The task: The data must be given again exactly as written, with all images omitted.

The data:
-*-*-
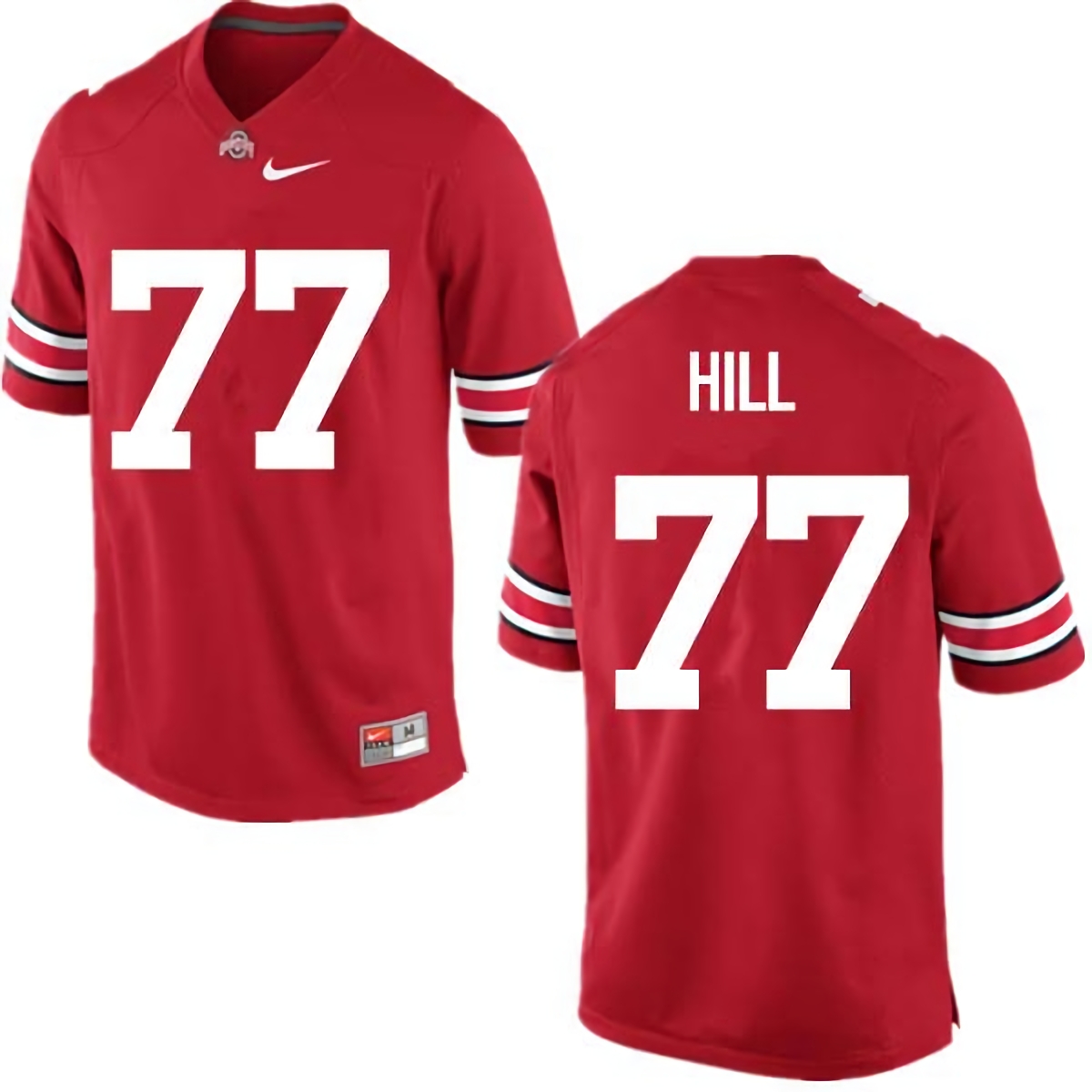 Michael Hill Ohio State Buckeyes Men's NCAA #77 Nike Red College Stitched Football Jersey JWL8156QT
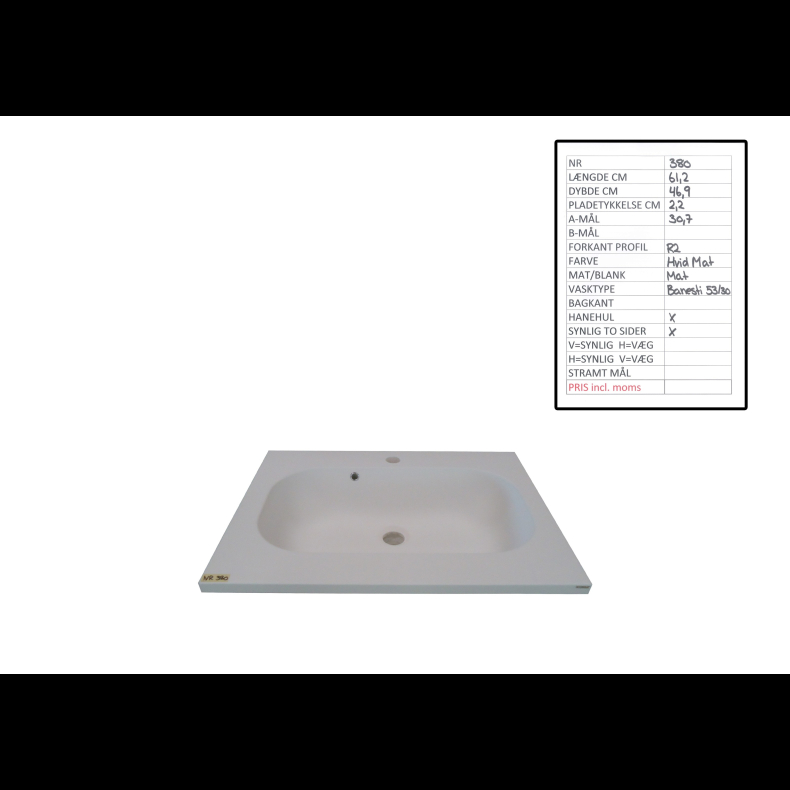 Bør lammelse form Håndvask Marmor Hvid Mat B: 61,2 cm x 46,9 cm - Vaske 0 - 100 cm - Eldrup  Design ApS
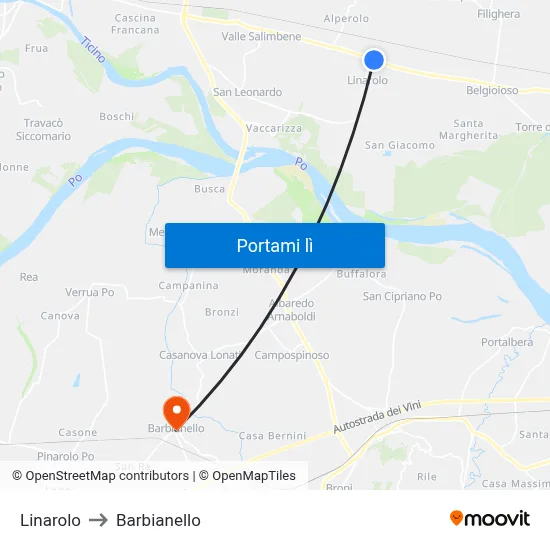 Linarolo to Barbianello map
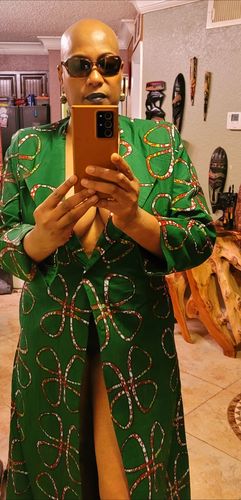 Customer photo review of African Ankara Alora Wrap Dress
-*-*-
Answer section:
 Michael Hill Ohio State Buckeyes Men's NCAA #77 Nike Red College Stitched Football Jersey JWL8156QT
 Bør lammelse form Håndvask Marmor Hvid Mat B: 61,2 cm x 46,9 cm - Vaske 0 - 100 cm - Eldrup  Design ApS
 Linarolo to Barbianello map
 Customer photo review of African Ankara Alora Wrap Dress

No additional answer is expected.